Dr. Jeannie Stone celebrates Ashley Jones’ selection as STAR teacher in 2018.

It’s too late to convince Jeannie Stone to stay. If you’re a Richardson ISD parent, teacher or taxpayer who agrees with the Texas PTA that she’s one of the best educational leaders in the state, you are out of time and out of luck. Lake Highlands Advocate reported Friday that she’d been negotiating a “separation agreement” from the district after some board members made it clear they want her gone and a group of disgruntled parents began wearing “Fire Stone” tees to public meetings. The board has added “consider voluntary separation and release agreement for superintendent” and “consider appointment of interim superintendent” to the agenda for Monday night’s meeting.

Stone is not expected to attend the board meeting – perhaps no financial settlement is enough to subject oneself to public torture another time – but supporters are planning to present a petition praising her dedication and accomplishments.

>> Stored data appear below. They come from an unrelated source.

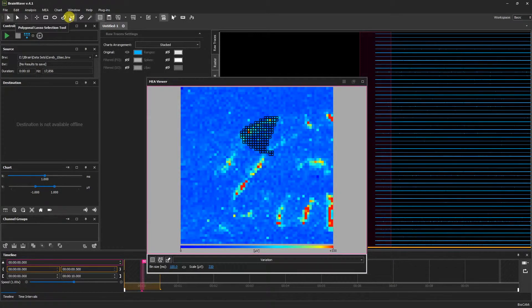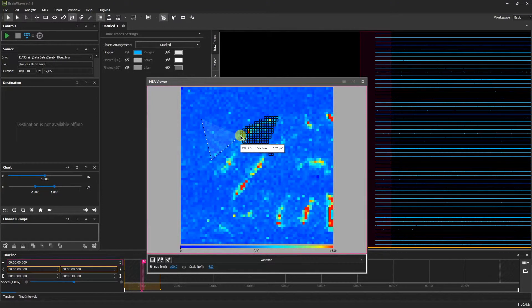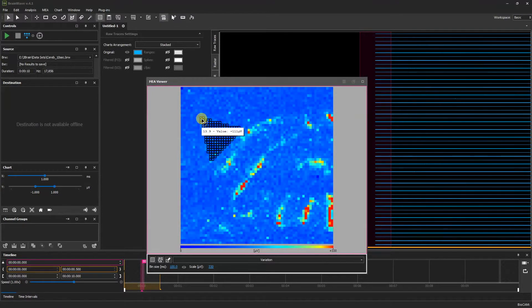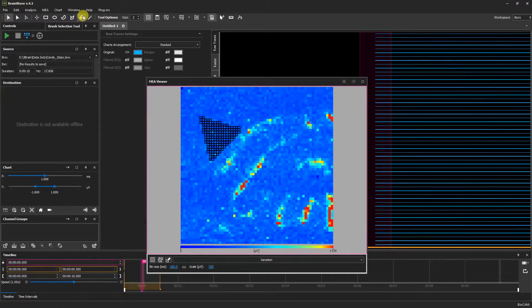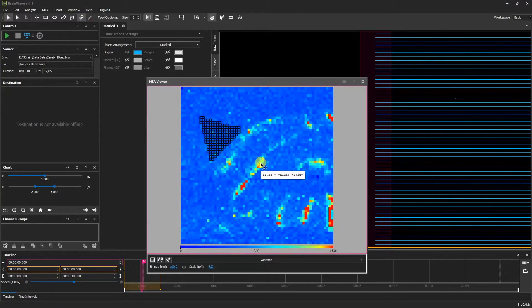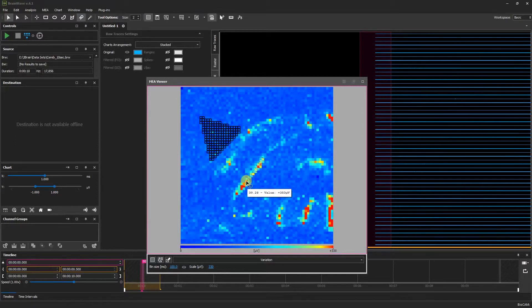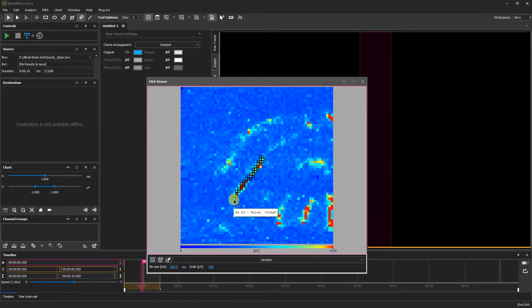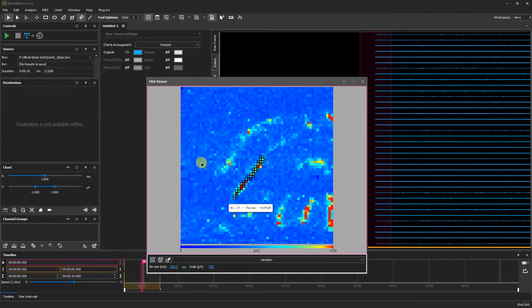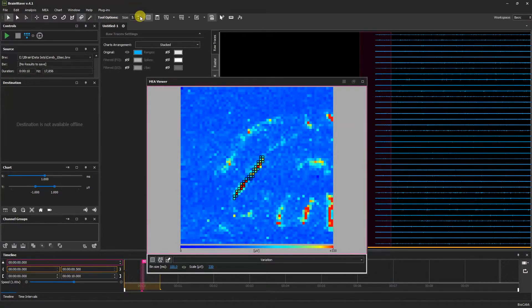We also have the Polygonal Lasso Selection tool that allows us to make more geometric selections. With the Brush Selection tool, we can more precisely click and drag to select our data. We can also change the brush size.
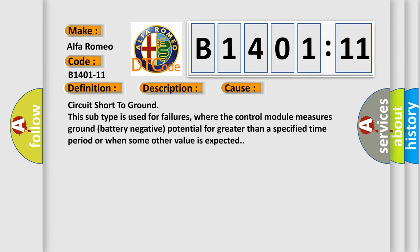This diagnostic error occurs most often in these cases: circuit short to ground. This subtype is used for failures where the control module measures ground (battery negative) potential for greater than a specified time period or when some other value is expected.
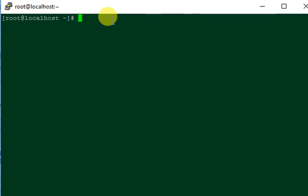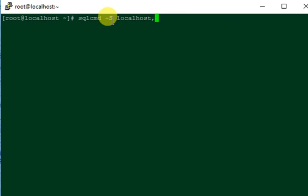So first step is I will quickly log in to the SQL Server. I am specifying the new port number that I gave in the last video. Since I have changed the default port number, I will have to specify the port number now every time I log in to the SQL Server.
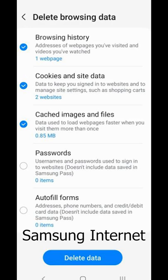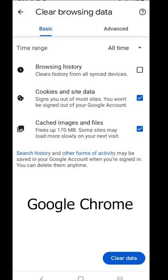This data makes up your cookies and cache, and it can often be helpful. It keeps you logged into your accounts and loads frequently visited sites faster.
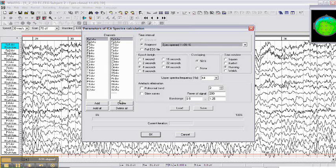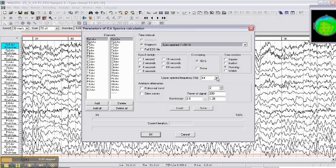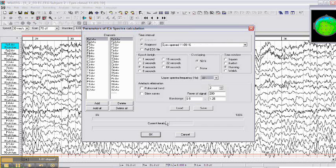You can make the upper spectra frequency less than 64 Hz, which actually doesn't matter. And then we just click OK.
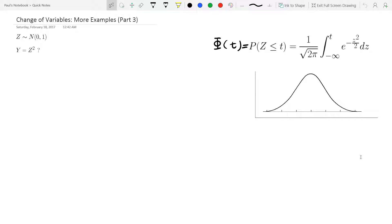Hey guys, welcome to the third video in the series on change of variables. Here's another example.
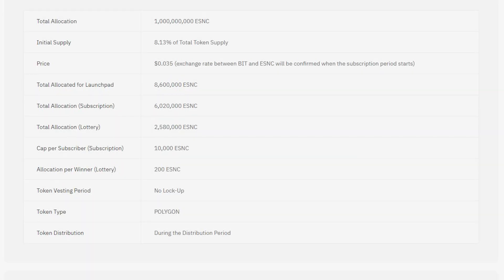There will be a total of 1 million ESNC tokens supplied. The total distribution for this event will be 8.6 million ESNC tokens at the price of 3.5 cents. 6 million for the Bit holders and 2.58 million for the USDT lottery winners.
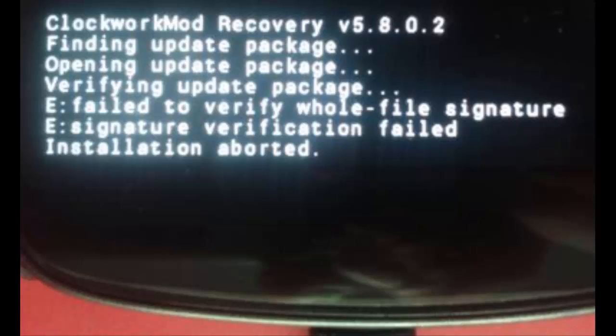So you need to have TWRP recovery installed. I'm giving a link in the description which will show you how to unlock your bootloader and install the TWRP recovery. After installing the TWRP recovery, you can flash OxygenOS.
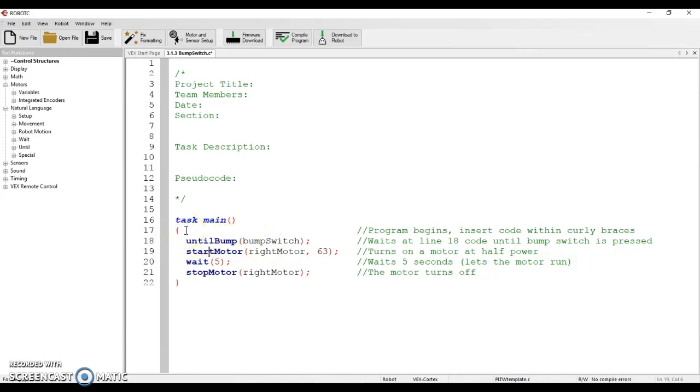Once it makes it beyond that, then the bump switch is no longer important—we don't care anymore whether the bump switch is pressed. So it's going to start the motor, it's going to wait five seconds, let it run, and then it's going to turn the motor back off.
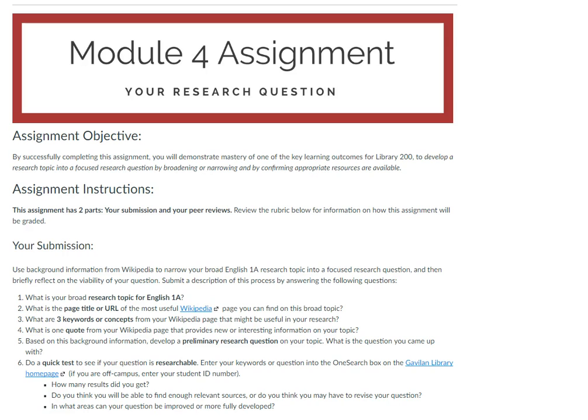Then, in my instructions for the assessment, you can see that I've asked students to start with a broad topic, narrow it into a research question, and then test their research question in a library database.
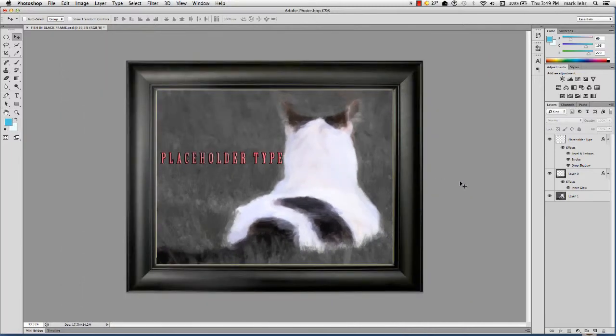Hi there. I just want to talk a minute about smart objects in Photoshop. Just a quick little primer on it.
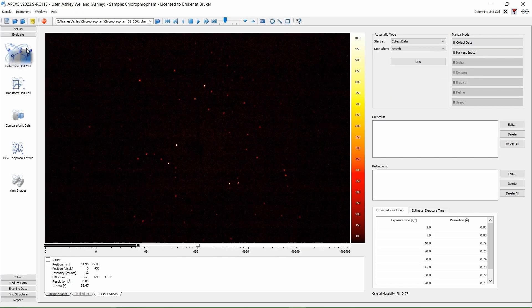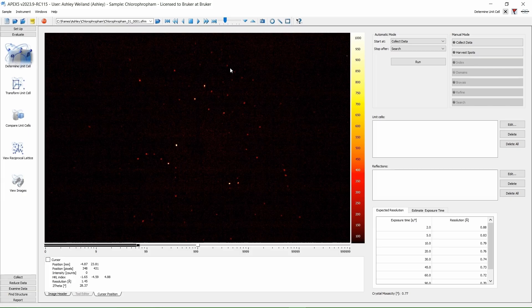After the 3 minute fast scan is completed, you will be taken back to the screen with your newly collected images in the image viewer. Click on Harvest Spots.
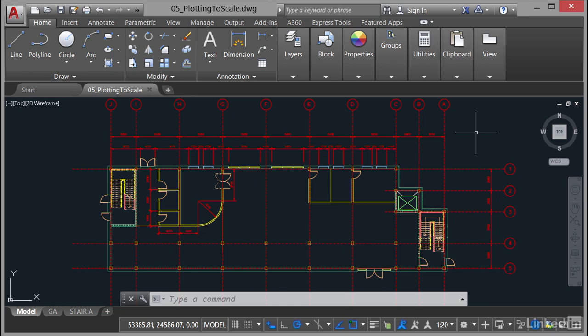It's not complicated and you'll see why when I set up an annotative dimension object using an annotative scale. It's very easy when you see how it's done. So what I'm going to do is I'm going to place a dimension on Staircase A on the left-hand side of the drawing in the Model tab.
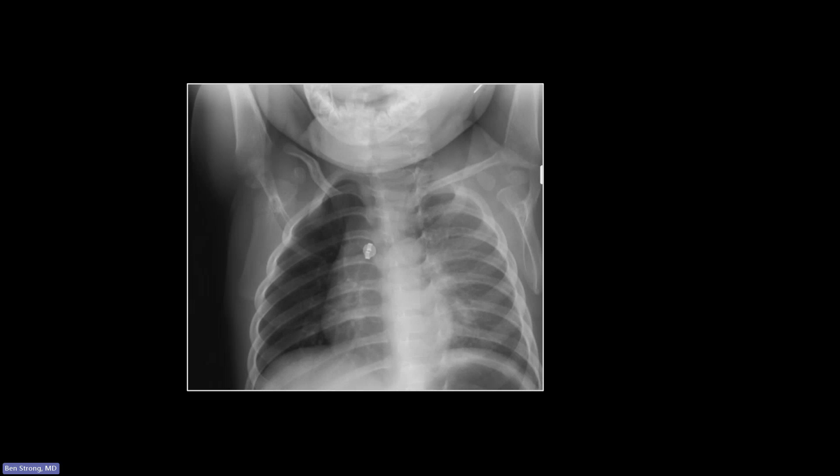Once you start looking at anterior ribs, all bets are off — they're going to be all distorted and bizarre-looking sometimes, especially in pediatric cases. So gauge rib interspace widening by looking at the posterior ribs.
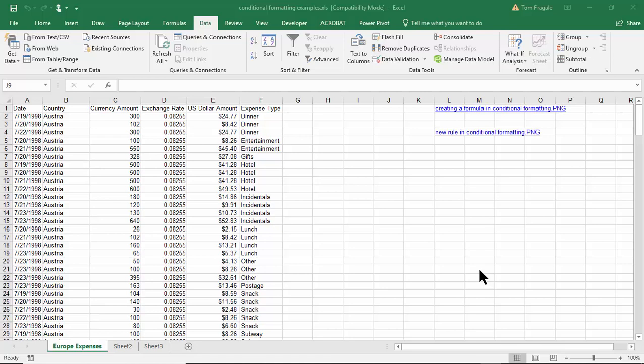In this video I want to show you how to take a random sampling of data from a large amount of data. So let's say we have a large list of data like this and you need to do a random sampling, maybe for quality assurance or for other reasons.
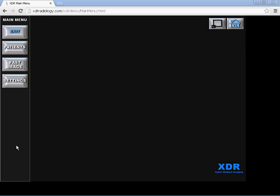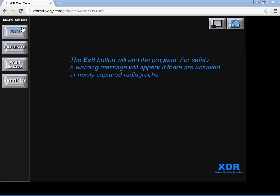Hello, this is the XDR imaging software main menu. There's an exit button which will end the program. For safety, a warning message will appear if there are unsaved or newly captured radiographs.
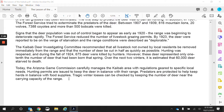We brought up their numbers and started seeing more reproduction, which is great, but it got too much because we got rid of those predators. There were too many deer, and they started to compete amongst each other, and their food source started to disappear. The Kaibab Deer Investigating Committee recommended that all livestock not owned by local residents be removed immediately from the range and that the number of deer be cut in half as quickly as possible. That means hunting was reopened, and during the fall of 1924, 675 deer were killed by hunters. However, these deer represented only one-tenth of the number of deer that had been born that spring. Over the next two winters, it is estimated that 60,000 deer starved to death.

“Over the last few difficult years in education, we have felt incredibly lucky to be in a district with a Superintendent and School Board members that value safety and science over politics and seek to make all students feel included and valued,” wrote Erik Archilla, a teacher in Richardson High School’s theater magnet program. “Sadly, we have allowed a small group of angry voices to steer the conversation and it has cost us valued members of our School Board and Administration.”

Archilla referred to another recent resignation – that of then-board president Karen Clardy, who worked for decades at Lake Highlands High School and represented Lake Highlands’ District 5 as a trustee until last month. Clardy came under fire by the same anti-mask, anti-vax, anti-DEI (diversity, equity and inclusion) and anti-SEL (social emotional learning) crowd which targeted Stone at meetings and on social media.

Archilla originally shared his petition mostly with RISD teacher friends, but the effort gained traction as word of Stone’s departure began to spread. He’s now surpassed his goal of 2,500 signatures.

“We as teachers, parents and community members want to voice our support for Dr. Stone and the RISD School Board for all of their tireless work over the past few years in service to our teachers and students. They have weathered a storm of criticisms and personal attacks throughout this trying time to give their best to RISD.”

If you’d like to add your name, you may log onto Change.org here. If you want to attend the meeting in person, RISD trustees and attorneys will first meet behind closed doors at 5 p.m. to discuss acceptance of the separation agreement. Public comments will begin at 6, and the public vote on Stone’s separation agreement will be considered immediately afterward.